### DESCRIPTION OF THE TASK
Where a picture appears, skip it; print everything else in the records exactly as it stands.

### SOURCE MATERIAL
---+---

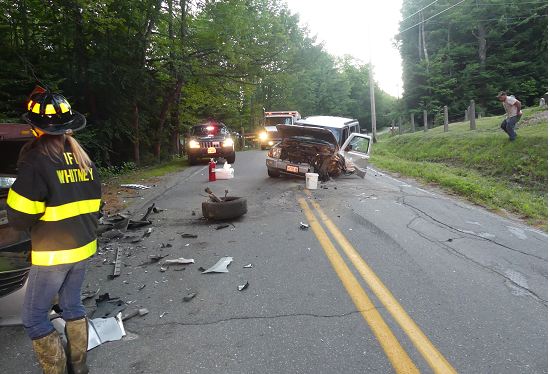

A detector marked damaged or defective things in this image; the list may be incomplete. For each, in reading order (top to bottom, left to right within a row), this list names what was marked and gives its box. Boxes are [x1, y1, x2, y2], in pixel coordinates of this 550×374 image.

damaged car hood [278, 122, 338, 146]
wrecked white suv [266, 116, 374, 182]
detached tire [203, 197, 248, 221]
shattered plastic piece [203, 258, 233, 274]
shattered plastic piece [91, 292, 128, 318]
shattered plastic piece [87, 312, 126, 350]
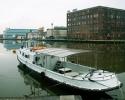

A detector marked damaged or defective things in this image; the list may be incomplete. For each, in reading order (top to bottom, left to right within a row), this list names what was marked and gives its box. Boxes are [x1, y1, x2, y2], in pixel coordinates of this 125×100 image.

---+---

### RESPONSE TO THE TASK
A detector marked damaged or defective things in this image; the list may be incomplete. For each, in reading order (top to bottom, left to right within a row), this list names what was marked and gives its box. Boxes are [x1, y1, x2, y2], in pixel coordinates of this 550×374 image.

damaged car hood [278, 122, 338, 146]
wrecked white suv [266, 116, 374, 182]
detached tire [203, 197, 248, 221]
shattered plastic piece [203, 258, 233, 274]
shattered plastic piece [91, 292, 128, 318]
shattered plastic piece [87, 312, 126, 350]

A detector marked damaged or defective things in this image; the list may be incomplete. For each, in reading order (top to bottom, left to right within a row), this list names what was marked and gives its box. Boxes are [x1, y1, x2, y2], in pixel coordinates of this 125×100 image.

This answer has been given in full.